The plaintiff, in his petition, claims the property under a chattel mortgage. This mortgage was given in January, 1885, and in May following the mortgagor executed to the plaintiff a bill of sale covering this and other property. It seems to have been urged by the defendant below that the transfer by the bill of sale abrogated the mortgage by way of merger, and the jury was fully instructed upon the law relating to this issue. No change of possession followed either transfer, and the burden of proof was upon the plaintiff to establish bona fides. The only evidence offered for this purpose was that of plaintiff’s agent, who testified that the mortgagor was indebted to plaintiff at the time the mortgage was made and that the mortgage was given to secure such indebtedness. The amount of the indebtedness is not disclosed, nor is its source, nor were any of the circumstances attending the execution of the mortgage elicited, or sought to be elicited. Whether this testimony was *52sufficient to overcome the presumption of. fraud in a chattel mortgage not accompanied by change of possession was for the jury to determine, and we cannot say that upon such meagre evidence it was bound to determine the question in favor of the plaintiff. Moreover, there was absolutely no evidence of the circumstances attending the execution of the bill of sale, and there is evidence that when the controversy first arose between plaintiff and Furay, who bought the mules from the mortgagor and sold them to defendant, Furay and plaintiff’s agent consulted Mr. Connell, and the agent, in support of plaintiff’s claim, produced and claimed under the bill of sale, and did not produce or mention the mortgage until after Mr. Connell had advised Furay that the bill of sale was insufficient. This evidence warranted the jury in finding that the mortgage had, by the intention of the parties, merged in the bill of sale. Upon either of these points the jury may have based its verdict and was warranted by the evidence in so doing.

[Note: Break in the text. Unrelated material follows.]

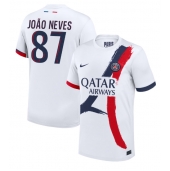 Moški Paris Saint-Germain Joao Neves #87 Replika nogometni dresi Gostujoči 2024-25 Kratek Rokav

The court instructed the jury, in effect, that if it found that after the bill of sale was made the vendor retained possession of the property, the sale would be presumed to be fraudulent as against subsequent purchasers in good faith, but that this presumption might be rebutted by evidence showing that the sale was made in good faith and without any intent to defraud such purchasers. The giving of this instruction is assigned as error upon the ground that plaintiff was not claiming under the bill of sale but under the mortgage alone. Plaintiff contends that an element not in issue was thus injected in the ease. Even if this be so, the error was without prejudice to the plaintiff. Had the court withheld this issue altogether from the jury, the plaintiff’s case would have rested entirely upon the mortgage. Under the instruction as given, there was still left an opportunity to find for the plaintiff in case the jury found that the mortgage had merged in the sale. It is only where the giving of an instruction foreign to the issues may *53mislead the jury to the prejudice of the unsuccessful party that he may complain.

Affirmed.

The other commissioners concur.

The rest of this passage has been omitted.